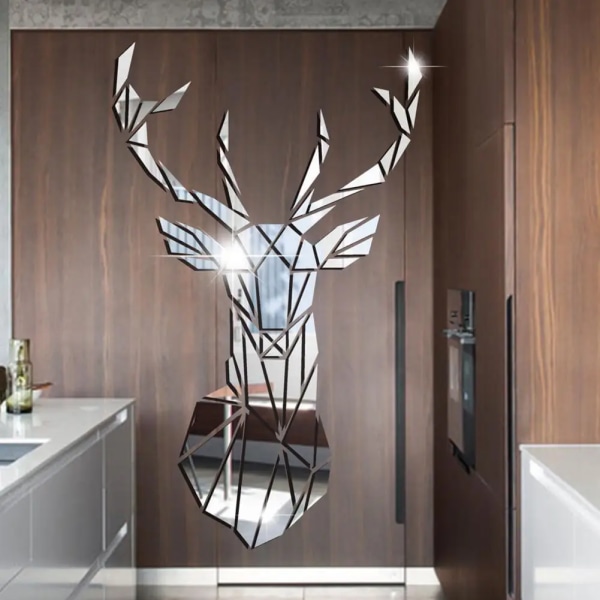 1 Set Mirror Wall Sticker Self Adhesive Removable Reflective Deer Head 3D Mirror Sticker Wall Art Decoration Bedroom Supplies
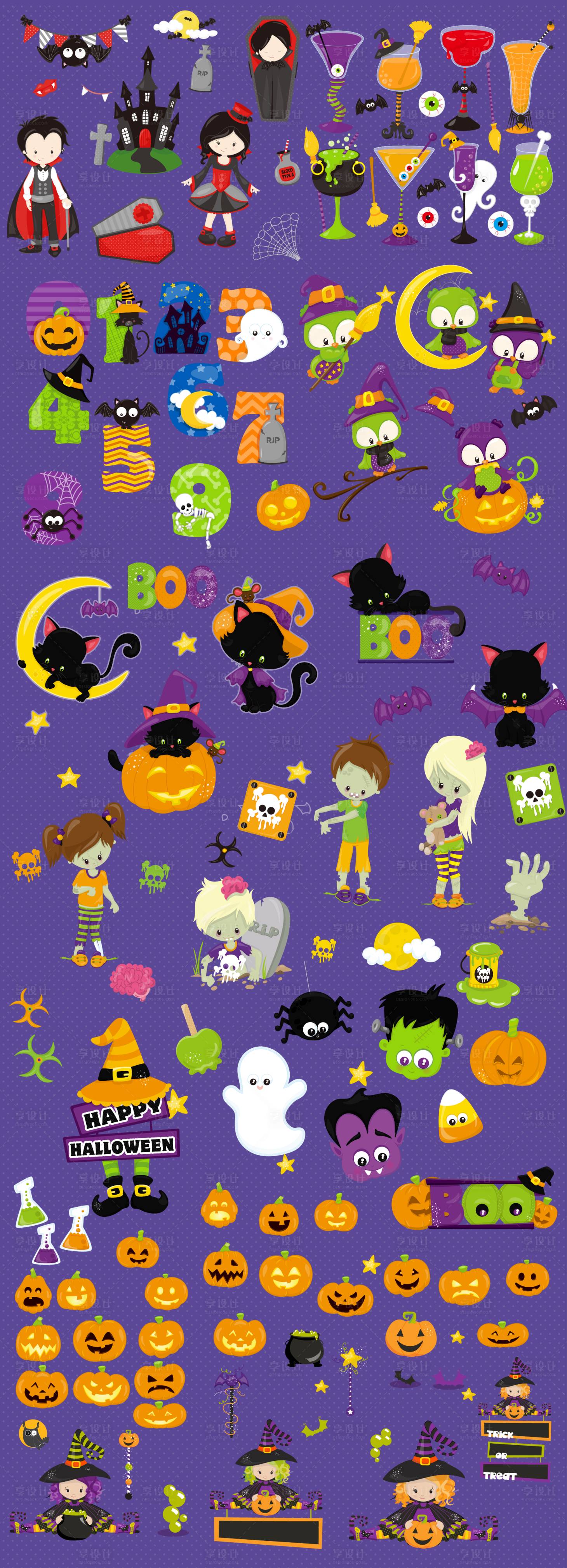 源文件下载【享设计】搜索编号：34830033764864669【万圣节卡通插画免抠贴纸】
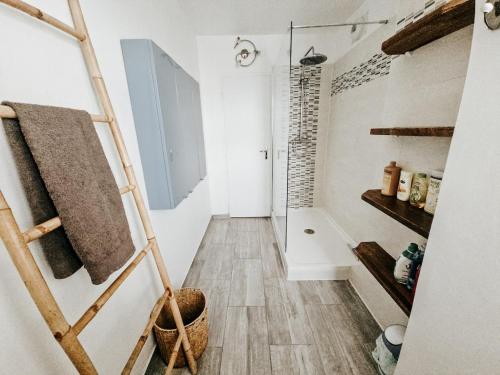 La salle de bains est pourvue d'une douche à l'italienne. dans l'établissement La belle chanteraine 80 m2 vue Basilique, à Reims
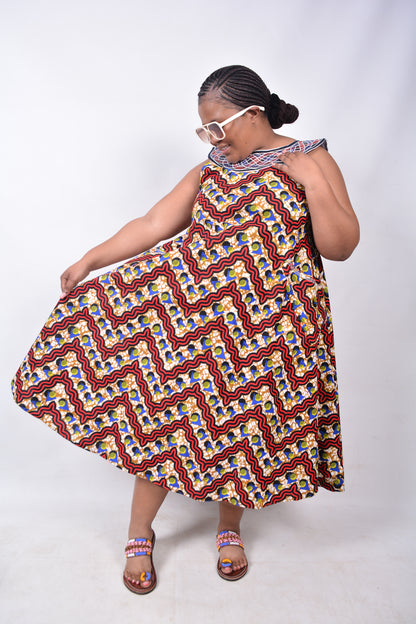 T8221 Traditional African Kente Fabric Red, Blue, Yellow, White & Black Dress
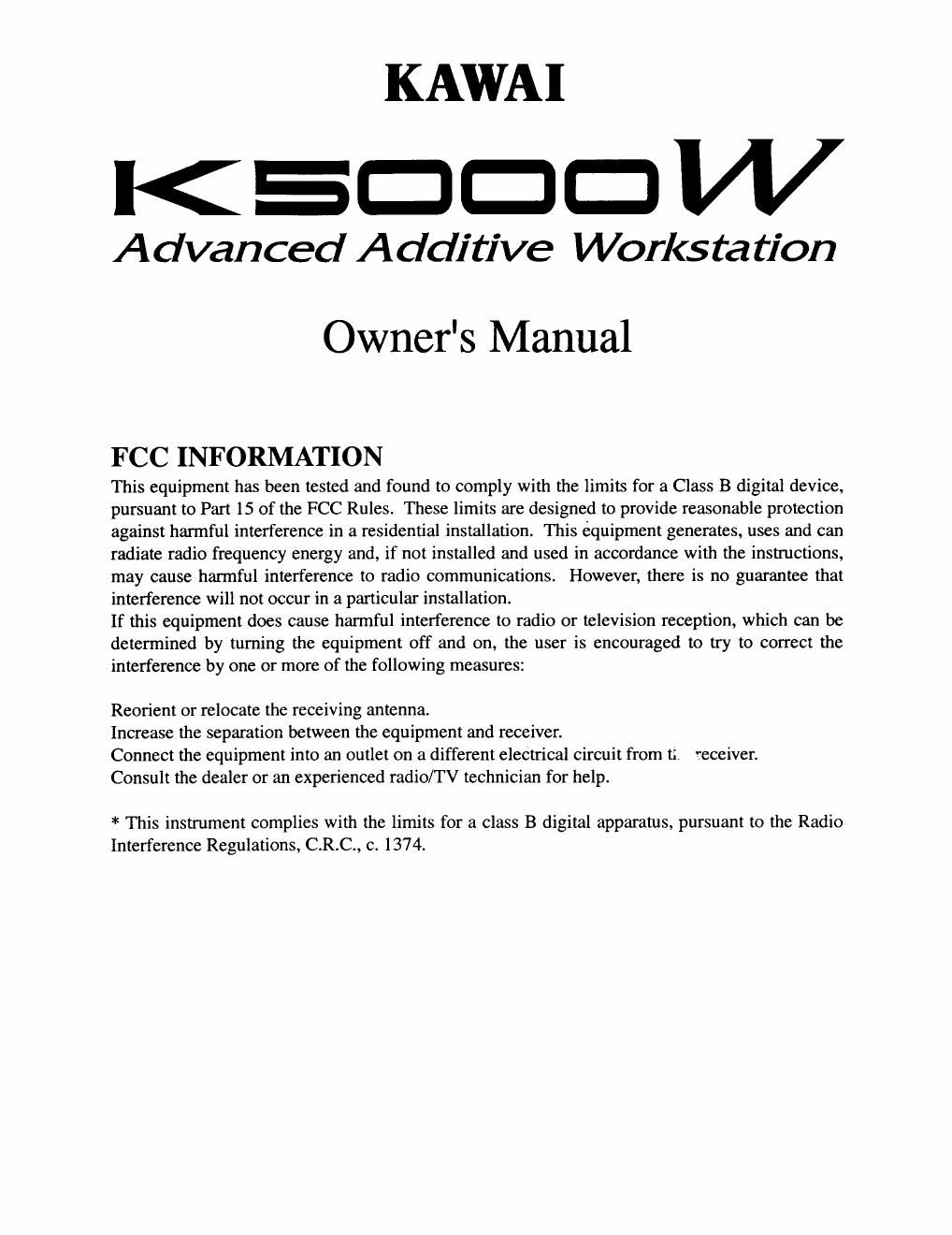 kawai k 5000 w owner manual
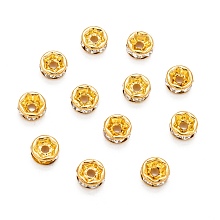 Honeyhandy Brass Rhinestone Spacer Beads, Grade A, Crystal, Straight Flange, Rondelle, Golden Metal Color, 5x2.5mm, Hole: 1mm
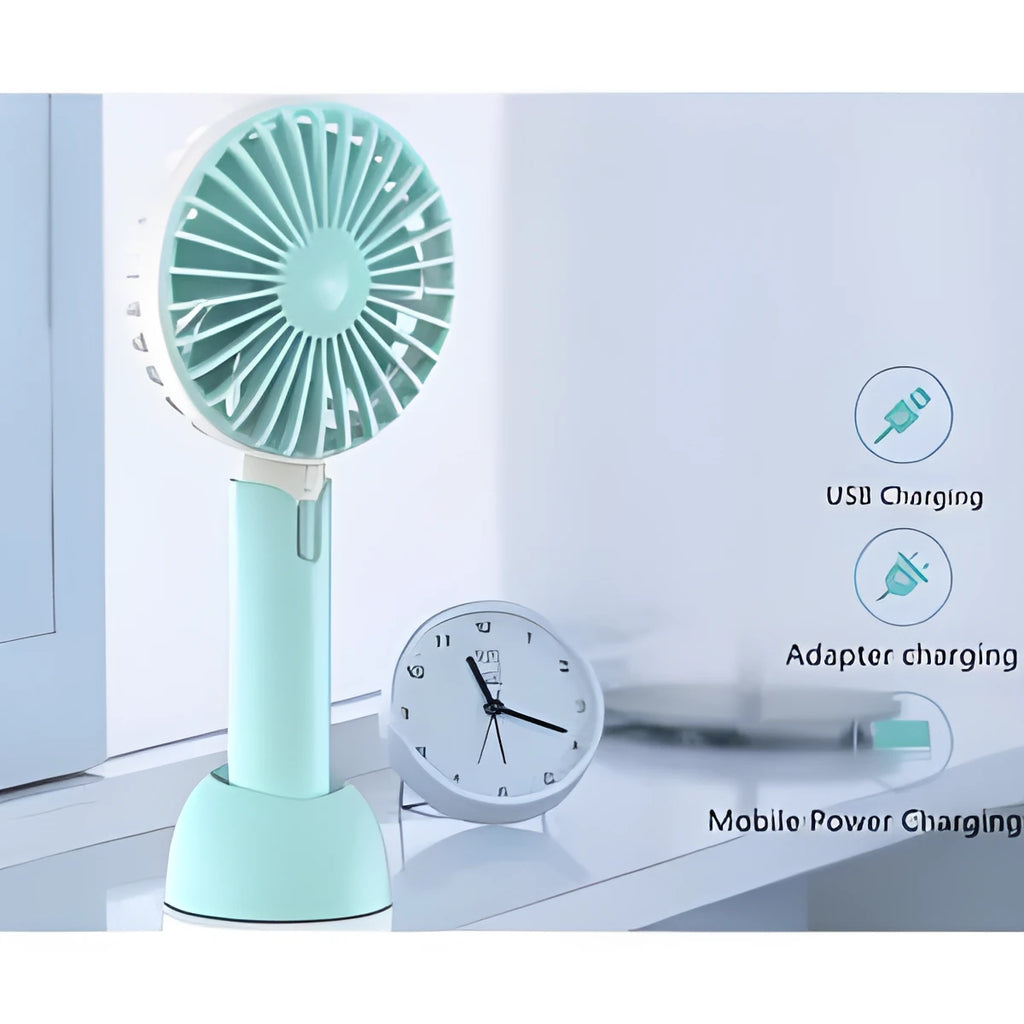 Blue handheld mini desktop electric fan with USB cable and three speed settings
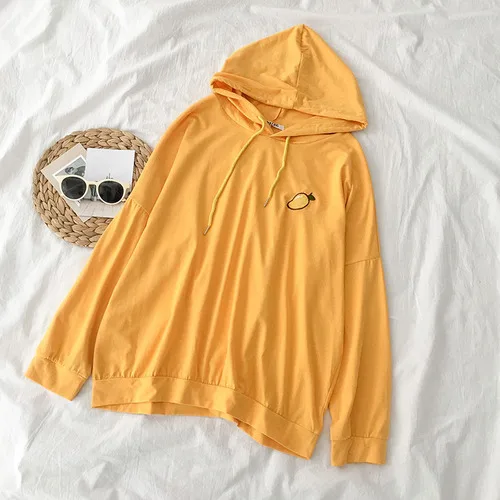 Yellow Mango Худи толстовки в Корейском стиле с фруктами авокадо, женский зеленый милый пуловер Insta, Горячая Вышивка, топ с длинными рукавами, наряд - Цвет: Yellow Mango
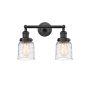 Innovations Lighting Bell 2 Light 16" Wide Vanity Light with Shades Matte Black / Deco Swirl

Exercise prompt>
Omitting all pictures, copy the preceding entries without any alteration.

Exercise output>
 1 Set Mirror Wall Sticker Self Adhesive Removable Reflective Deer Head 3D Mirror Sticker Wall Art Decoration Bedroom Supplies
 源文件下载【享设计】搜索编号：34830033764864669【万圣节卡通插画免抠贴纸】
 La salle de bains est pourvue d'une douche à l'italienne. dans l'établissement La belle chanteraine 80 m2 vue Basilique, à Reims
 T8221 Traditional African Kente Fabric Red, Blue, Yellow, White & Black Dress
 kawai k 5000 w owner manual
 Honeyhandy Brass Rhinestone Spacer Beads, Grade A, Crystal, Straight Flange, Rondelle, Golden Metal Color, 5x2.5mm, Hole: 1mm
 Blue handheld mini desktop electric fan with USB cable and three speed settings
 Yellow Mango Худи толстовки в Корейском стиле с фруктами авокадо, женский зеленый милый пуловер Insta, Горячая Вышивка, топ с длинными рукавами, наряд - Цвет: Yellow Mango
 Innovations Lighting Bell 2 Light 16" Wide Vanity Light with Shades Matte Black / Deco Swirl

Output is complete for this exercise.